As vaccines bring the promise of a return to normal life, rents have stopped spiraling downward. They bottomed out in January 27% below their level at the start of the pandemic, according to data from Apartment List. In February, the average-one bedroom rent rose 1%, the first month-over-month gain in a year, to just over $2,000 a month.
“It’s a turning point,” said Igor Popov, the chief economist at Apartment List. “People are moving back in, but we’re not jumping back to pre-Covid rents because the group occupying those units are different and have different price points.”
Lindsay Albert, a director of programming for an arts organization in San Francisco, was among them. She left the city last April because she felt uncomfortable living with roommates in a pandemic.

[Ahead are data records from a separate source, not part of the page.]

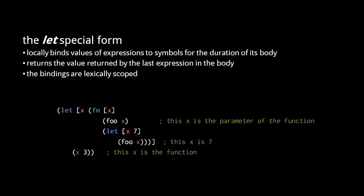In this example, we have a let form which binds a new function to the symbol x, and the body of this let invokes the function with the argument 3. In the function itself, the single parameter is also named x, and in the body of the function, we have another let form that binds 7 to x. So, the three uses of x here all refer to a different x. Inside the interior let, x resolves to the value 7. Inside the function but outside the let, x refers to the parameter. And then outside the function in the enclosing let, x resolves to the function itself.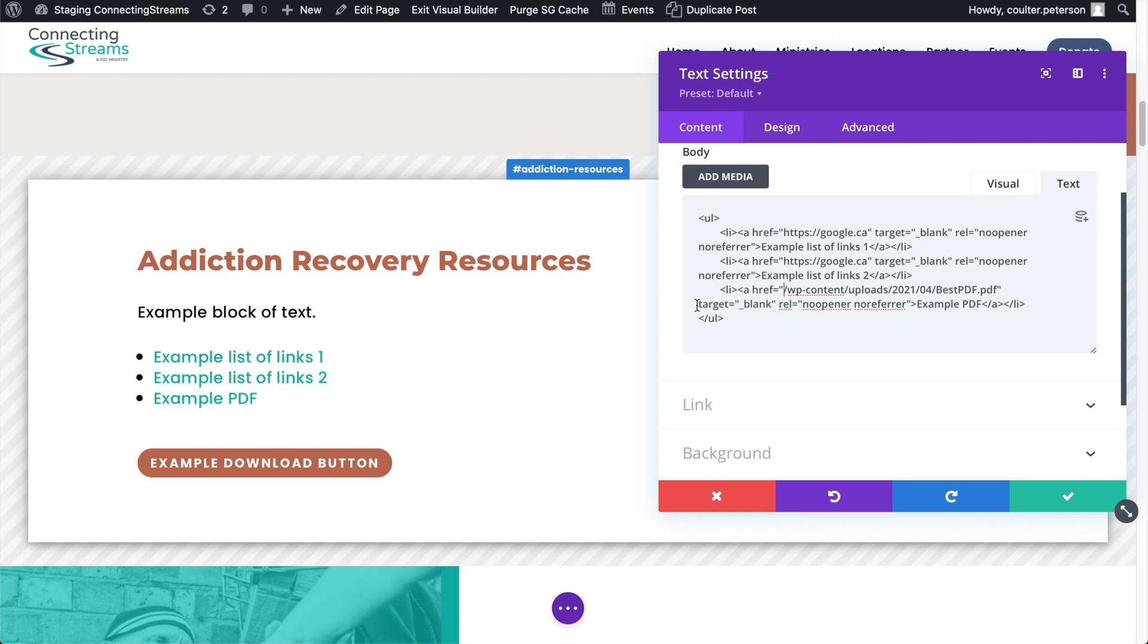And then it's good to make sure that target equals underscore blank here. This is the same as checking the box that says open this link in a new tab. This way people will open the PDF but they won't get confused by being taken away from your site. It'll just open a new tab. They can read it, download it and then close the tab of the PDF.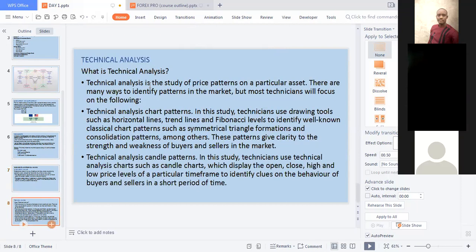Technical analysis is the study of price patterns on a particular asset. There are many ways to identify patterns: drawing tools such as horizontal lines, trend lines, Fibonacci levels, and indicators like Moving Average, Stochastic, RSI, Williams Percent Range, Parabolic SAR, Bull Power, and Bear Power. We use charts to make this analysis — I personally use TradingView, where I'll show you everything about how to buy and sell.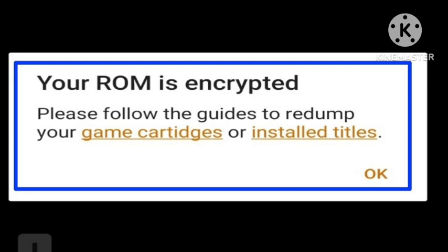So if you want to fix this problem, buy the original ROM and then try to use Citra — your decrypted 3DS ROM will run. In this way you can fix this problem. Hope you like this video and subscribe to our channel.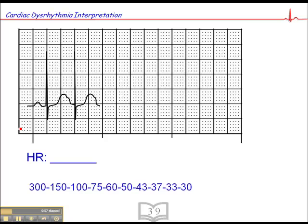So let's look at the first ECG. We find a QRS that falls on a dark line. If the next QRS fell one large square away, the heart rate would be 300, but it actually falls two large squares away, so that makes the heart rate 150.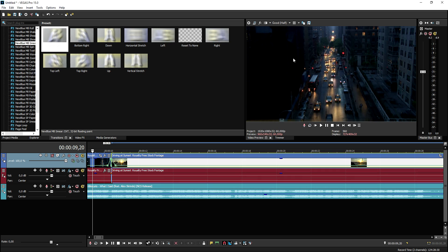And that is how you create the amazing speed ramping transition in Vegas Pro 15. So that is it, guys. It is that simple. Thank you for watching, and that's how to do it.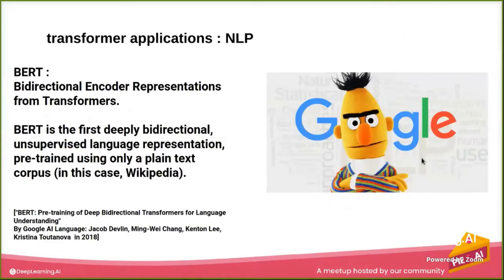Now getting to the most exciting part, it's BERT. So it's the first kind of application.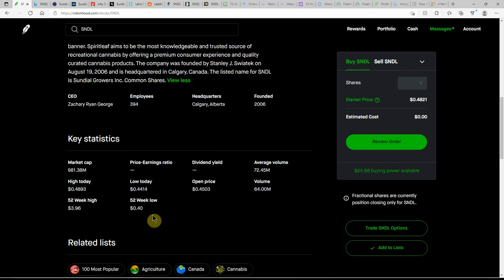$981.38 million market cap. 52-week low of $0.40. High of $3.96.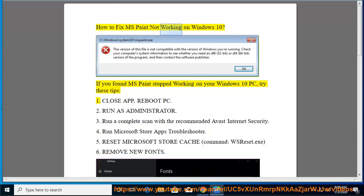How to fix MS Paint not working on Windows 10. If you found MS Paint stopped working on your Windows 10 PC, try these tips.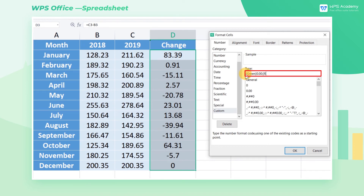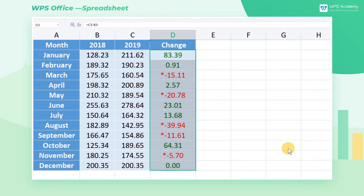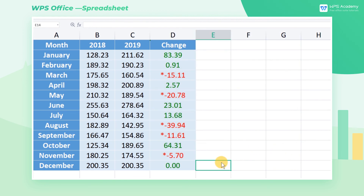Enter [red]"*"-0.00. This code string means that negative values will be displayed in red with an asterisk symbol attached in front of the numbers. After entering, click OK, and different symbols and colors will be used to indicate data changes.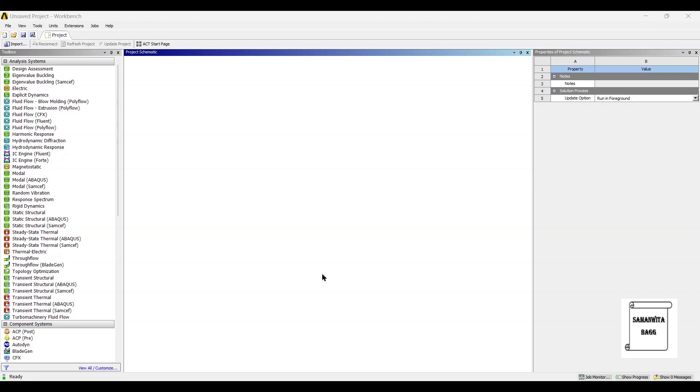Hello everyone, welcome to the next session on ANSYS Workbench Tutorials. In this session, we are going to analyze the snap ring for structural and thermal coupled analysis. We will first analyze the snap ring using structural analysis and then we will analyze the snap ring using thermal analysis.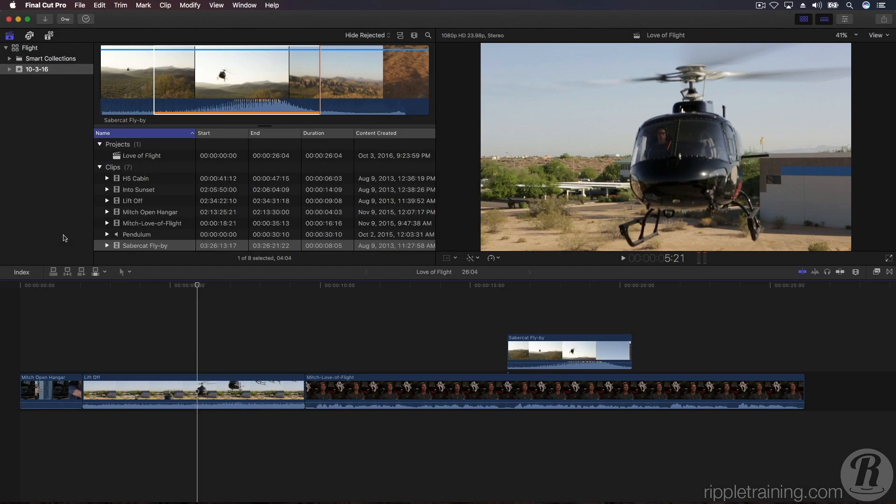In the last video, you learned how to tag selection ranges as favorites and edit clips into the timeline. In this lesson, we're going to take a look at trimming clips in your timeline to improve the story pacing.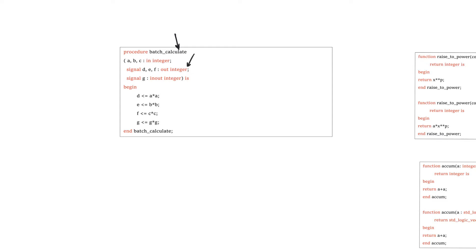In this case, this procedure could actually effectively have four return values, which are D, E, F, and G, because it has four output or in-out arguments. And so when you want your output to be fed to a specific signal, you connect it to that argument of the procedure.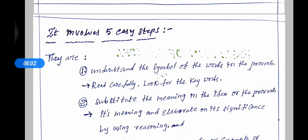How to write an expansion of an idea? The paragraph involves five easy steps. Step one: understand the symbol of the words in the proverb. What is the idea in this proverb? What are the important words? This is the key word. The key word may be the total sentence or the total proverb.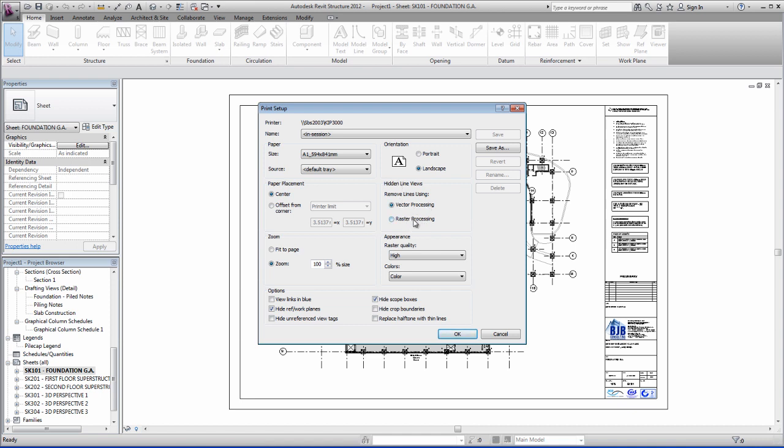You can use your different processing options here, whether they be vector or raster. We want to center the plot on the page, and you can offset from corners if you want. This is usually rare.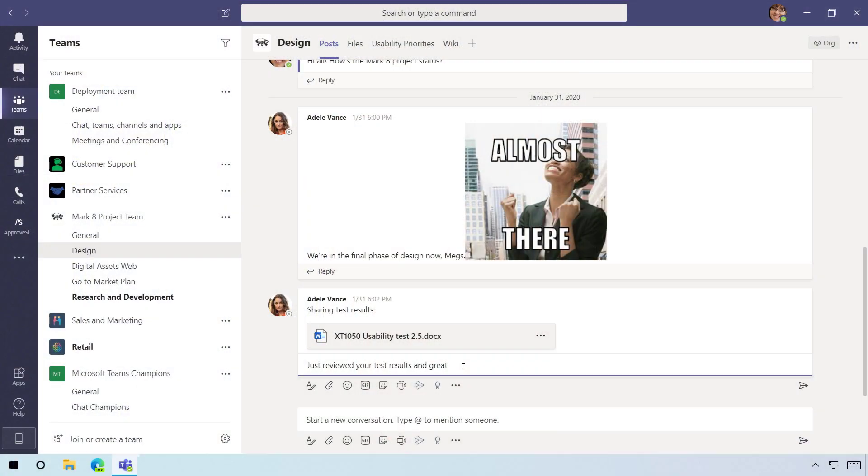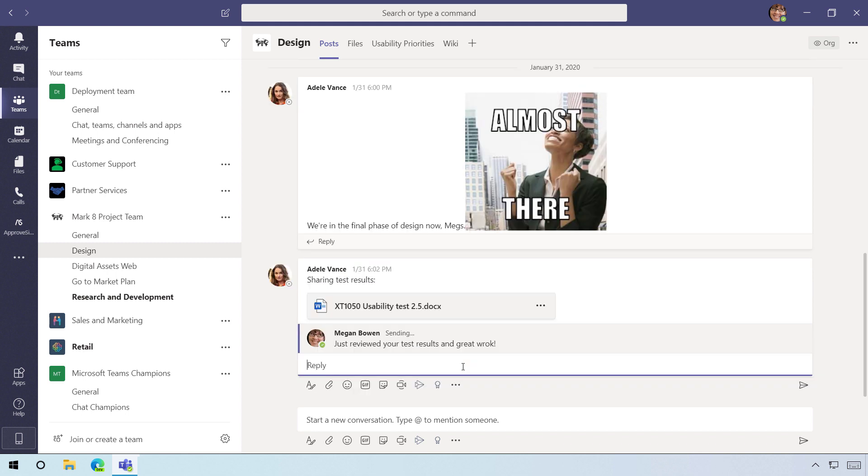All right, so this probably happens to you a lot. You're responding to a Teams chat, you put in a typo, and now what do you do?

After spending eight months in Tomales, a rural hamlet north of the city, Albert returned at the end of last year and began renting a one-bedroom in the inner Richmond district for $2,000 a month in January. It’s more than she was paying to live in a group house at the start of the pandemic, but about $1,000 less than the one-bedroom units she was looking at a year ago.
“I feel like I’ve won the lottery,” she said as she rattled off the amenities, including a living area big enough to fit a six-foot table and a couch with a chaise, as well as proximity to Golden Gate Park and the Presidio. “I’m 34 years old and I haven’t ever been able to live alone.”
The broader return of residents, and rents, depends on the pace of vaccinations and reopenings, Popov said. “There’s a lot of latent demand for urban amenities,” he said. “People really want to go to restaurants and bars and concerts.”
Outdoor dining has revived street life in residential neighborhoods like Nob Hill, Hayes Valley, the Mission District and Valencia Corridor. On weekends in the Marina District, Steiner Street closes to cars and fills with diners feasting on calamari, sourdough bread, craft beer and Napa chardonnay.
“They have that life and vitality not too dissimilar to what they were pre-Covid,” said Miles Garber, vice president of research with real estate marketing company Polaris Pacific in San Francisco. “While things have improved recently, there’s still a long ways to go.”
Some of Garber’s friends who worked remotely from places like Utah’s ski resorts or Hawaii’s beaches are moving back in anticipation of being required to report to office desks. Other friends left permanently, accelerating long-planned moves to single-family homes in the suburbs where they can raise a family.
“Instead of moving two years from now, it became two months,” Garber said.
He took advantage of lower prices to relocate from a studio to a one-bedroom apartment in Nob Hill for $2,500 a month — a roughly $600 post-Covid discount.
The recovery seems to be fueled, in part, by San Franciscans bent on reviving its place as an arts and counter-culture mecca after the last decade’s big-dollar tech dominance. That may imply longer-term pain for luxury buildings designed to appeal to young knowledge-industry workers.
Developers of more affordable projects are forging ahead. Builders Urban Land Development and DM Development received planning commission approval this month for an apartment building in the Mission District. The 168-unit project includes 23 reserved for below-market rentals and a ground floor dedicated to community art space.
Before the pandemic, San Francisco faced a shortage of almost 24,000 affordable units for low income renters, according to the California Housing Partnership, a deficit that falling prices on high-end apartments may not dent at all.
“We’re in such a hole,” DM Chief Executive Officer Mark MacDonald said. “We’re not going to catch up in our lifetime.”